**Exercise goal:** Please copy the leading lines of the entries below exactly, concluding with the line in which "CATEGORY_HYBRID_GUAVA_PLANT__Green Harvest" occurs.

**Caption-style text data:**
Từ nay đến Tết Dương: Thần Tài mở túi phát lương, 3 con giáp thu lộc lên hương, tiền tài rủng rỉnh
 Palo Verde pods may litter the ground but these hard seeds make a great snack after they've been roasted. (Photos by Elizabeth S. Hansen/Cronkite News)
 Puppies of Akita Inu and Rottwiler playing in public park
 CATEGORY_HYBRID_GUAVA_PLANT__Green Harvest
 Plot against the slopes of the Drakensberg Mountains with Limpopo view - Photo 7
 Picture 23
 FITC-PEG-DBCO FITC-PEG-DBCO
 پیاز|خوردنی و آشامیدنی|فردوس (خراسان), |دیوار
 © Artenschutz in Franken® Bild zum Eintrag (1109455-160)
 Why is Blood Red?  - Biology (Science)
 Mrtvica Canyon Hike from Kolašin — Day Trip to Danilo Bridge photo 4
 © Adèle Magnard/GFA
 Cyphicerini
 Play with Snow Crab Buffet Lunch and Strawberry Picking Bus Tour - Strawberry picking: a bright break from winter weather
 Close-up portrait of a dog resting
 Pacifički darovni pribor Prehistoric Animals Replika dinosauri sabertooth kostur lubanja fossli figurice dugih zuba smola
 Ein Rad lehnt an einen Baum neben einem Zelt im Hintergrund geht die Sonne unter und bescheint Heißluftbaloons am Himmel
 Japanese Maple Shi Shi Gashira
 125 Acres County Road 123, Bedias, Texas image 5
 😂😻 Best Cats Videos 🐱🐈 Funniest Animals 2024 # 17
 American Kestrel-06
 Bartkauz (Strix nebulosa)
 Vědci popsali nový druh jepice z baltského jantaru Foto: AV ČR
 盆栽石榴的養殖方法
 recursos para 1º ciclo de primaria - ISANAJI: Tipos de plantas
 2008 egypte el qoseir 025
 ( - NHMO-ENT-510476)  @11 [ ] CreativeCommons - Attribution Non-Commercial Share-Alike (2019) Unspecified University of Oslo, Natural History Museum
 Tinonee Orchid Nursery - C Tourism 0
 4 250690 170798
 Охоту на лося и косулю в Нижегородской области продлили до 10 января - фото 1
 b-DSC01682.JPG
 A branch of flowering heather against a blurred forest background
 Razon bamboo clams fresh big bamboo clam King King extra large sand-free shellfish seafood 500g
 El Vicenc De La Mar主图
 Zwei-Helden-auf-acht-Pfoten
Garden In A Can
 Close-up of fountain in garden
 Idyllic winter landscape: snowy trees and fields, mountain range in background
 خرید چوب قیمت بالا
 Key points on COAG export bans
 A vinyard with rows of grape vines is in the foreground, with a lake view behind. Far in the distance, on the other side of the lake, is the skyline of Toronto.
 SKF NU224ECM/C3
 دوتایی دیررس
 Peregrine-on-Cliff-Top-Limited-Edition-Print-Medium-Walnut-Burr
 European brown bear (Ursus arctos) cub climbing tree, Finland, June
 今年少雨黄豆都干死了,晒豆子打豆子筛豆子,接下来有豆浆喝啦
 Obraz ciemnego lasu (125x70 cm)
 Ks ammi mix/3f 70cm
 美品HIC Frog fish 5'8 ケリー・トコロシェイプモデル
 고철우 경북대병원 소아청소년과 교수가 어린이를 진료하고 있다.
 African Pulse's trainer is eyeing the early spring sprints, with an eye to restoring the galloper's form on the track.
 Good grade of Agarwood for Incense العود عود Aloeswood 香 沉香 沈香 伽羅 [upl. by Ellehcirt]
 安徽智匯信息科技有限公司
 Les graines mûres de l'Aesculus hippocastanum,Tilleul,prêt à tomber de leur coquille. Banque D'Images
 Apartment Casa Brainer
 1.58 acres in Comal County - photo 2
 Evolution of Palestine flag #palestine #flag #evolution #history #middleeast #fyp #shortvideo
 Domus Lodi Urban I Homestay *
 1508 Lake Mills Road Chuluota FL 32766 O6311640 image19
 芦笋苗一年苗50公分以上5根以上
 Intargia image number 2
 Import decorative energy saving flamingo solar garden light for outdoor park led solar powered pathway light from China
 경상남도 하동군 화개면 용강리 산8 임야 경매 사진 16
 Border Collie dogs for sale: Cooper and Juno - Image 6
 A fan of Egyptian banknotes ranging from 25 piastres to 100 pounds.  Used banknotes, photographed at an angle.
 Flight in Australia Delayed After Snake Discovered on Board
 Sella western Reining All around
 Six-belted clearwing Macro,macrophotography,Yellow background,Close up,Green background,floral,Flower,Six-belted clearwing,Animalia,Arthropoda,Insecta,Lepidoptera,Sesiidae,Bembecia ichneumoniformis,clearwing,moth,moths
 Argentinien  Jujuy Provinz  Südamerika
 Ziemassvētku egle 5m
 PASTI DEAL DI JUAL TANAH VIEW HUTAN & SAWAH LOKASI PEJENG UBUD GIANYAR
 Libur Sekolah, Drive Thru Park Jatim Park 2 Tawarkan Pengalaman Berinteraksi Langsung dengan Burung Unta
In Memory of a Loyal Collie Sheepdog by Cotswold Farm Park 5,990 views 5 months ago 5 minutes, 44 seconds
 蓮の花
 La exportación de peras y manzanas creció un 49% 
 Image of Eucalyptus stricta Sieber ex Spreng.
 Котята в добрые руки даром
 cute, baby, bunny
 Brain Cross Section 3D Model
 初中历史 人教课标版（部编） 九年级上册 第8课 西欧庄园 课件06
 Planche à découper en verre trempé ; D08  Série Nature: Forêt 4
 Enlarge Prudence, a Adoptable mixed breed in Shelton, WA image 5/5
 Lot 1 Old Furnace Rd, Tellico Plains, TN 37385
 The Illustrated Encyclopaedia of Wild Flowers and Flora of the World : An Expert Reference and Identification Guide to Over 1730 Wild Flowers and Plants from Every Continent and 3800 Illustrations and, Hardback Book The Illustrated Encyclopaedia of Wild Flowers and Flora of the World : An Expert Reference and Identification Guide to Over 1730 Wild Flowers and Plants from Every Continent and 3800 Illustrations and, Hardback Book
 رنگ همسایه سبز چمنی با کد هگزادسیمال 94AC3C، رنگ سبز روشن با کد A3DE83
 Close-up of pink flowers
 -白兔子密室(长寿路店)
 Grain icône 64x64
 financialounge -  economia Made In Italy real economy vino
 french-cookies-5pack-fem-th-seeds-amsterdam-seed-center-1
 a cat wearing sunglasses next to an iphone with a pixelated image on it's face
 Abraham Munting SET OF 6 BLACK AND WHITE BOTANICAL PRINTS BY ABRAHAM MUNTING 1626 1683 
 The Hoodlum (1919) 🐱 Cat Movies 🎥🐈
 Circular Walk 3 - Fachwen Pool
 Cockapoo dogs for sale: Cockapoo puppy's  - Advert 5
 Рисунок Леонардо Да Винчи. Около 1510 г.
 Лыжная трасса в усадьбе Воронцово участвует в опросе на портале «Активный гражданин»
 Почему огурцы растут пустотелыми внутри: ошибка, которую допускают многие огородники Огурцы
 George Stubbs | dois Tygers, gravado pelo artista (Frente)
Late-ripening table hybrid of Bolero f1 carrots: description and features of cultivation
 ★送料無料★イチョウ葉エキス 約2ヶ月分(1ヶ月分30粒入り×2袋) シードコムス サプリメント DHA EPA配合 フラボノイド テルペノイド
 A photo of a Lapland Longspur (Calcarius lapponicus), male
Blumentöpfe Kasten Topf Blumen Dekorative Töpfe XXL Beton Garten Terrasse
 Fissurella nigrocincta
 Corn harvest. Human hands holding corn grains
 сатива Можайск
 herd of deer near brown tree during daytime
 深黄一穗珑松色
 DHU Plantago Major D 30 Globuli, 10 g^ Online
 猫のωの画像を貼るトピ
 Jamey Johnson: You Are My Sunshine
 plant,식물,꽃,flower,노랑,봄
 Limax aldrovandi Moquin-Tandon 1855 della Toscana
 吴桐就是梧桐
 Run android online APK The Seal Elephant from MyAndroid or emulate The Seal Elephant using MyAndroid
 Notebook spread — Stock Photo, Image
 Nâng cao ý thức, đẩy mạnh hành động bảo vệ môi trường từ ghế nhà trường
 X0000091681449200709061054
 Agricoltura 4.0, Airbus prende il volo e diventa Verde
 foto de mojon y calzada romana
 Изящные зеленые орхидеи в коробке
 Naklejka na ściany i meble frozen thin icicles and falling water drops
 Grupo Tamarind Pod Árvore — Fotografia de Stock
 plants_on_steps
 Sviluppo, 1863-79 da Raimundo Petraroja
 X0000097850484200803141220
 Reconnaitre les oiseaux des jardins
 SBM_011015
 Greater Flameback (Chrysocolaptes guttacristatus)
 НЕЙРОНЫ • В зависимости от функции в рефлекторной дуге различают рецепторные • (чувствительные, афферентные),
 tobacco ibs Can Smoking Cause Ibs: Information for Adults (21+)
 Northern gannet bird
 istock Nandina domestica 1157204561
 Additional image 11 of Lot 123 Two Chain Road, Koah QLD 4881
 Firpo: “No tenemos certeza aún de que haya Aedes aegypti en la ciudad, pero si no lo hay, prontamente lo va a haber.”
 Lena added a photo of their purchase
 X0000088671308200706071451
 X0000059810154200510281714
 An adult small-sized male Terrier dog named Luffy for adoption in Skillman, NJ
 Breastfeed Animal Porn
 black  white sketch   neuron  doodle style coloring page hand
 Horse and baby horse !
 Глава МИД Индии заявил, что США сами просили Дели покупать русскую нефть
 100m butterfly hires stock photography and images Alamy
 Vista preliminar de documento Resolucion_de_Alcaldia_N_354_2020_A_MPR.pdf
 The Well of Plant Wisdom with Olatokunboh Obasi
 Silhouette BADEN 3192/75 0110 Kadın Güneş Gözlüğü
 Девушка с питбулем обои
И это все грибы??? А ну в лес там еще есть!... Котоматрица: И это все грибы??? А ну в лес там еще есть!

**Response to the task:**
Từ nay đến Tết Dương: Thần Tài mở túi phát lương, 3 con giáp thu lộc lên hương, tiền tài rủng rỉnh
 Palo Verde pods may litter the ground but these hard seeds make a great snack after they've been roasted. (Photos by Elizabeth S. Hansen/Cronkite News)
 Puppies of Akita Inu and Rottwiler playing in public park
 CATEGORY_HYBRID_GUAVA_PLANT__Green Harvest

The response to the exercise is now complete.